Hari Minggu lalu sehat dengan kundalini reiki bersama tim liputan progama ibukota berkesempatan mengunjungi pabrik tahu di pinggiran kota Jakarta dan mengamati proses pembuatan tahu langsung di pabriknya. Tentu Anda semua kenal bahwa tahu sebagai salah satu jenis lauk pauk pelengkap makan mudah ditemui di seantero Jakarta, termasuk juga di kota Anda sendiri barangkali dan selalu hadir di meja makan setiap hari.
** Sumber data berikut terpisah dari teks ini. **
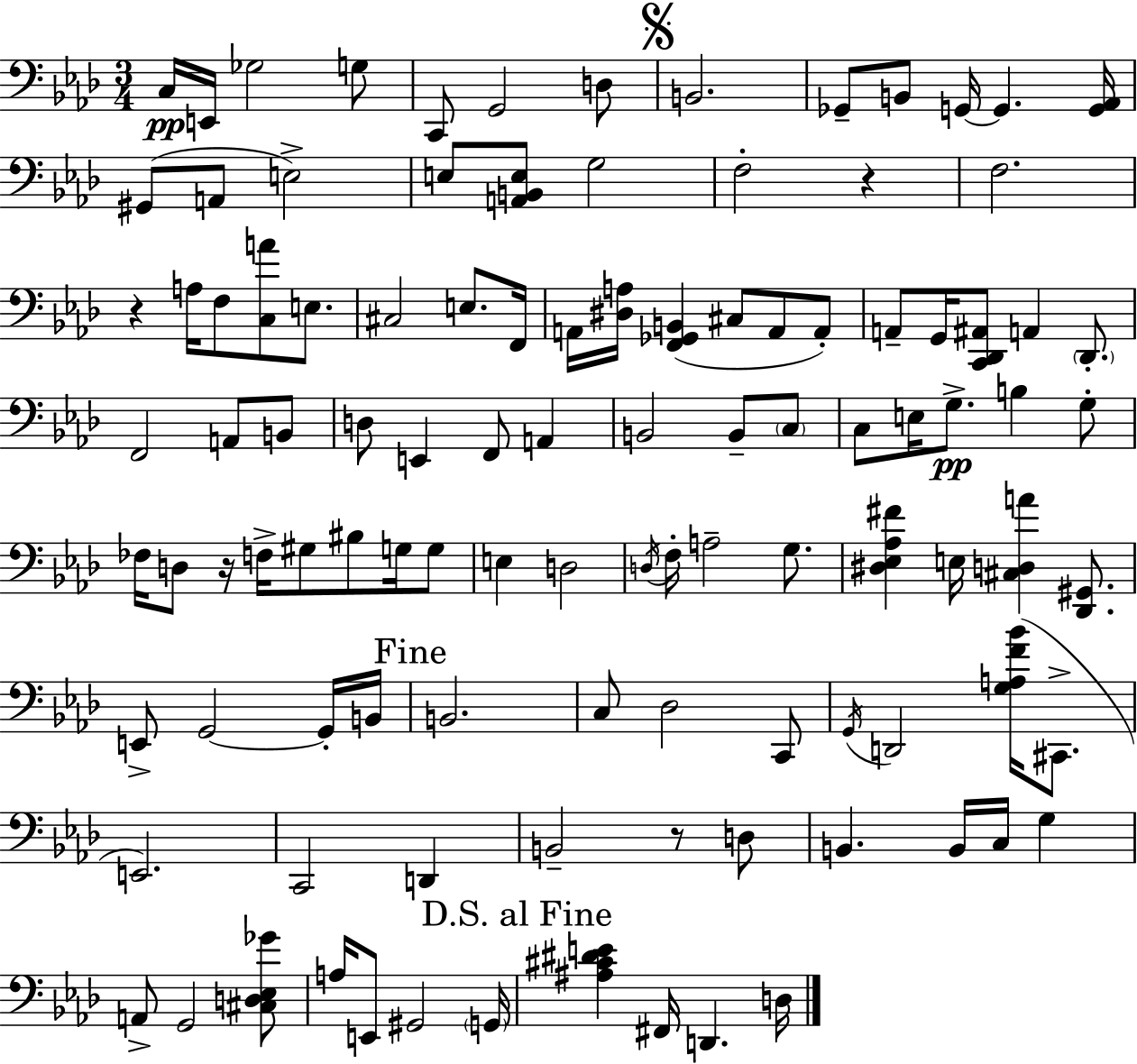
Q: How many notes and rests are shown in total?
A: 107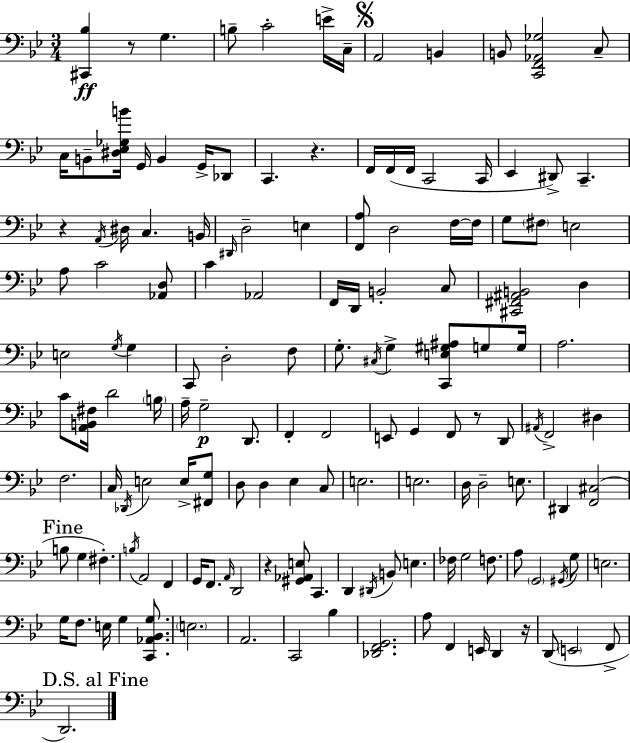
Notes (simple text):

[C#2,Bb3]/q R/e G3/q. B3/e C4/h E4/s C3/s A2/h B2/q B2/e [C2,F2,Ab2,Gb3]/h C3/e C3/s B2/e [D#3,Eb3,Gb3,B4]/s G2/s B2/q G2/s Db2/e C2/q. R/q. F2/s F2/s F2/s C2/h C2/s Eb2/q D#2/e C2/q. R/q A2/s D#3/s C3/q. B2/s D#2/s D3/h E3/q [F2,A3]/e D3/h F3/s F3/s G3/e F#3/e E3/h A3/e C4/h [Ab2,D3]/e C4/q Ab2/h F2/s D2/s B2/h C3/e [C#2,F#2,A#2,B2]/h D3/q E3/h G3/s G3/q C2/e D3/h F3/e G3/e. C#3/s G3/q [C2,E3,G#3,A#3]/e G3/e G3/s A3/h. C4/e [A2,B2,F#3]/s D4/h B3/s A3/s G3/h D2/e. F2/q F2/h E2/e G2/q F2/e R/e D2/e A#2/s F2/h D#3/q F3/h. C3/s Db2/s E3/h E3/s [F#2,G3]/e D3/e D3/q Eb3/q C3/e E3/h. E3/h. D3/s D3/h E3/e. D#2/q [F2,C#3]/h B3/e G3/q F#3/q. B3/s A2/h F2/q G2/s F2/e. A2/s D2/h R/q [G#2,Ab2,E3]/e C2/q. D2/q D#2/s B2/e E3/q. FES3/s G3/h F3/e. A3/e G2/h G#2/s G3/e E3/h. G3/s F3/e. E3/s G3/q [C2,Ab2,Bb2,G3]/e. E3/h. A2/h. C2/h Bb3/q [Db2,F2,G2]/h. A3/e F2/q E2/s D2/q R/s D2/e E2/h F2/e D2/h.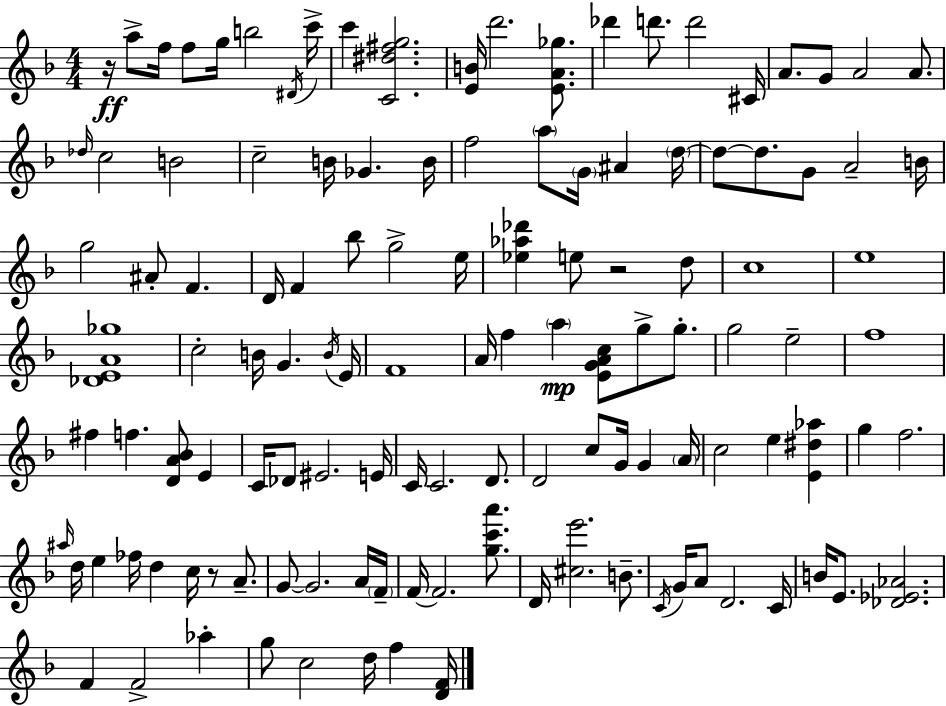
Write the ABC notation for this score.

X:1
T:Untitled
M:4/4
L:1/4
K:F
z/4 a/2 f/4 f/2 g/4 b2 ^D/4 c'/4 c' [C^d^fg]2 [EB]/4 d'2 [EA_g]/2 _d' d'/2 d'2 ^C/4 A/2 G/2 A2 A/2 _d/4 c2 B2 c2 B/4 _G B/4 f2 a/2 G/4 ^A d/4 d/2 d/2 G/2 A2 B/4 g2 ^A/2 F D/4 F _b/2 g2 e/4 [_e_a_d'] e/2 z2 d/2 c4 e4 [_DEA_g]4 c2 B/4 G B/4 E/4 F4 A/4 f a [EGAc]/2 g/2 g/2 g2 e2 f4 ^f f [DA_B]/2 E C/4 _D/2 ^E2 E/4 C/4 C2 D/2 D2 c/2 G/4 G A/4 c2 e [E^d_a] g f2 ^a/4 d/4 e _f/4 d c/4 z/2 A/2 G/2 G2 A/4 F/4 F/4 F2 [gc'a']/2 D/4 [^ce']2 B/2 C/4 G/4 A/2 D2 C/4 B/4 E/2 [_D_E_A]2 F F2 _a g/2 c2 d/4 f [DF]/4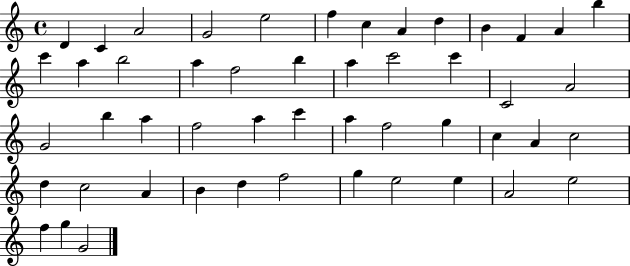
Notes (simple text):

D4/q C4/q A4/h G4/h E5/h F5/q C5/q A4/q D5/q B4/q F4/q A4/q B5/q C6/q A5/q B5/h A5/q F5/h B5/q A5/q C6/h C6/q C4/h A4/h G4/h B5/q A5/q F5/h A5/q C6/q A5/q F5/h G5/q C5/q A4/q C5/h D5/q C5/h A4/q B4/q D5/q F5/h G5/q E5/h E5/q A4/h E5/h F5/q G5/q G4/h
Keberadaan tahu hingga kini masih tetap digemari masyarakat mulai dari tingkatan sosial rakyat hingga pejabat, betul bukan? Nah…sebelum tahu-tahu tadi dikonsumsi ternyata makanan yang berasal dari kedelai ini mengalami proses pembuatan cukup unik dan menarik. Menariknya apa? Ayo sehat dengan kundalini reiki ajak Anda melihat ke pabriknya sambil mencicipi tahu di tengah udara mendung kota Jakarta.

Siapa yang tidak kenal tahu? Makanan yang biasanya dijadikan lauk pauk dan makanan selingan ini selain harganya murah meriah juga digemari oleh masyarakat banyak. Tahu yang dikonsumsi ini memiliki berbagai jenis nama dan macamnya. Ada tahu Bandung, tahu China, tahu Jambi, tahu Goreng dan tahu Sumedang.

Beda antara tahu goreng dan tahu Sumedang adalah pada tahu goreng sering digunakan untuk sayur sedangkan tahu Sumedang umumnya langsung dimakan dengan cabai rawit sebagai bumbu selingan. Tapi dari rasa tadi tahukah Anda bagaimana proses pembuatan tahu ini? Umumnya proses pembuatan tahu ini cukup sederhana dan tradisionil.

Industri pabrik tahu merupakan industri yang di bilang cukup tradisional, walaupun ada sebagian yang sudah dikerjakan dengan alat – alat modern, tapi sebagian besar pabriik tahu di Indonesia masih menggunakan alat –alat tradisional.

Awalnya kedelai sebagai bahan baku tahu dicuci dan direbus. Setelah kedelai masak atau empuk , kedelai-kedelai ini digiling dengan menggunakan penggiling hingga menjadi lembut yang diistilahkan aci. Selanjutnya aci ini direbus kembali dan hasil rebusan yang kedua kali ini diendapkan untuk selanjutnya di saring, dicetak serta didinginkan.

Proses mencetak tahu dalam wadah ukuran bujur sangkar atau empat persegi panjang. Setelah keras tahu dikeluarkan dari cetakan.

Selesai proses ini barulah tahu-tahu ini dapat digoreng. Untuk jenis tahu Bandung proses pembuatannya sama saja namun agar tahu ini mempunyai warna khas sebagai tahu Bandung maka ditambahkan pewarna asli dari kunyit. Kunyit yang sudah bersih ditumbuk hingga halus kemudian diletakkan ke dalam kain penyaring. Kemudian kain penyaring ini dimasukkan ke dalam air rebusan hingga air rebusan berwarna kuning kunyit.

Tahu yang telah dicetak dimasukkan dan direbus kembali hingga tahu berubah warna menjadi kuning kunyit. Tahu yang sudah menyerap warna kuning kunyit ini lalu diangkat dan didinginkan. Akhirnya tahu pun siap dipasarkan ke konsumen penggemar tahu baik di desa atau di kota. Ampas dari sisa pembuatan tahu ini bisa digunakan untuk ternak sapi.

Menurut Haji Dindin salah seorang perajin tahu mengatakan bahwa kedelai yang digunakan sebagai bahan baku tahu merupakan kedelai import yang didatangkan dari Amerika. Sebenarnya kedelai dalam negeri pun tidak kalah mutunya dibandingkan dengan kedelai import dari Amerika ini.

Pabrik tahu milik Pak Haji yang didirikan sejak tahun 1989 ini memproduksi hingga 400 tahu goreng dan tahu Bandung per hari. Dari produksinya ini tahu-tahu tersebut dipasarkan ke beberapa pasar tradisional di Jakarta. Saat ini harga di pasaran untuk satu potong tahu goreng dihargai 150 rupiah per potong, sedangkan untuk tahu Bandung 400 rupiah per potong.

Pertanyaan sehat dengan kundalini reiki kepada pembaca semua, “Sudahkan untuk hari ini saja Anda mengkonsumsi tahu sebagai lauk pauk ataukah Anda juga sering masak sayur tahu sebagai menu harian yang terhidang di meja makan?”